総じて、負傷者が多い中で当初思い描いたゲームプランを実現することができず、幾度のマイナーチェンジを重ねることを余儀なくされ、チームとしての形が固まってきたところでまた新たな負傷者が出て修正をするということを繰り返さざるを得ず、シーズン通してのチーム力の積み上げが計画的にできなかったシーズンでありました。そんな中でも最後まで力を尽くしてくれた現場のスタッフ、選手には感謝の念に堪えません。
4月12日に迎えた宝来屋ボンズアリーナのリニューアルオープンについて触れさせていただきます。大規模改修の当プロジェクトは私が認識している範囲でも約5年以上前に動き出し、当時の郡山市の行政関係者の皆様と度重なる協議を重ねてきました。そして諸々の調査やサウンディングなどを経て公募され、約半年間の準備期間と約1年間の工事期間を終えこの日を迎えました。ここに至るまでに、数えきれないほどの関係者の皆様にご理解とご協力をいただきました。共にプロジェクトを進めていただいた郡山市のスポーツ振興課の皆様や行政関係者の皆様、コンソーシアムの皆様、ご支援いただいたパートナー企業、スポンサーの皆様、この日を待ち共に全国・県内各所の会場まで駆けつけ応援いただいたブースターの皆様、福島の成長を信じ支えていただいたリーグ関係者の皆様、当日の素晴らしい空間をつくっていただいた演出・設営スタッフの皆さん、短期間での空間演出に対応し会場を盛り上げてくれたレイグリッターズのメンバーたち、運営をサポートいただいたボランティアスタッフの皆様、この日に向けて同じベクトルで駆け抜けてくれたフロントスタッフ、そして関わっていただいた全ての方に心から感謝申し上げます。本当にありがとうございました。

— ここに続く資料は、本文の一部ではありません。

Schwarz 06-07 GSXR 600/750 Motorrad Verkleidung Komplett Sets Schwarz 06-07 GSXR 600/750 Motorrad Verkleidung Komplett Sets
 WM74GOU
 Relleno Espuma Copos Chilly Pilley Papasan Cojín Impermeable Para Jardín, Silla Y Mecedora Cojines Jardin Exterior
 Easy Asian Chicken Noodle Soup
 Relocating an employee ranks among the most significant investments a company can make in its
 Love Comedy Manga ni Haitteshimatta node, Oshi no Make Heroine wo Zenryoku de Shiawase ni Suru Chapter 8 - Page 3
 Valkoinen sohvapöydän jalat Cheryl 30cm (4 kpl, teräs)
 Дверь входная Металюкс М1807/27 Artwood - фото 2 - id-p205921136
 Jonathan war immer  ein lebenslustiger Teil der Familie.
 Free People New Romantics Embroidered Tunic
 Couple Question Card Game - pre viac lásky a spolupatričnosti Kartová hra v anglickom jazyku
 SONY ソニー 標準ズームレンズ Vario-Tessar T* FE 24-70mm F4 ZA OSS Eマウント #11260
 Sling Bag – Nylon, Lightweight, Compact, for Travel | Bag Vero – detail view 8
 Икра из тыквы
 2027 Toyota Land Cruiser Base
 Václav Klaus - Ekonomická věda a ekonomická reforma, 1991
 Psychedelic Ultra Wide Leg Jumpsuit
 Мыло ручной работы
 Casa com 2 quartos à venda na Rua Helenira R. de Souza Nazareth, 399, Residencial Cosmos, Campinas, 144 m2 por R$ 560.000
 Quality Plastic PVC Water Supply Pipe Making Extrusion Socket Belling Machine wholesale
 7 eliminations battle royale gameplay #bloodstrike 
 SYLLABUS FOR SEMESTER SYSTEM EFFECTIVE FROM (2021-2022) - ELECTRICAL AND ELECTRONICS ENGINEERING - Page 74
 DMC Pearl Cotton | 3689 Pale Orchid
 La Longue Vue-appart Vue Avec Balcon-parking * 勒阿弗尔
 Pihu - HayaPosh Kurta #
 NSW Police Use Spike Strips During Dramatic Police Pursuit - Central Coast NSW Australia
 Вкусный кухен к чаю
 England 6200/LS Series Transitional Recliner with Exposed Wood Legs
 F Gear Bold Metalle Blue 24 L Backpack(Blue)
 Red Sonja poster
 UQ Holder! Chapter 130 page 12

ボンズのメンバーたちは2日間で9,000名を超える大歓声に背中を押していただき、最後まで死力を尽くして戦ってくれたと思います。勝負どころのアリーナの一体感は、どの地域で感じたものにも引けをとらない熱狂空間であったと感じています。ブースターの皆様と共に、「誇れる福島をつくる」というクラブのミッションに一歩近づけた瞬間であったかもしれません。今後も、市の体育施設であるという前提を忘れずに、市民の皆様と共生しながらプロスポーツの力で地域の発展に寄与し続けていきたいと考えております。全国各地に新しいアリーナが誕生している中で、改修型のアリーナで地域と共にクラブが発展していく地域密着クラブの好事例となれるように、施設に恥じないクラブ運営をしていく所存です。
また、改修工事が終わるまでの2シーズン、ホームゲーム会場として利用させていただきました須賀川市、福島市、会津若松市、田村市、いわき市(開催試合数順)の行政関係者の皆様や地域の皆様にも改めて御礼申し上げます。今後、B.LEAGUEのライセンス基準の兼ね合いで公式戦の開催は限られてくると思いますが、引き続き小中学校を中心とした各地域でのアクションは継続させていただきたいと考えております。そしてプレーシーズンでは楢葉町、3X3イベントでは白河市、その他地域イベントも含め引き続き県内広域での活動を予定しております。今後ともよろしくお願いいたします。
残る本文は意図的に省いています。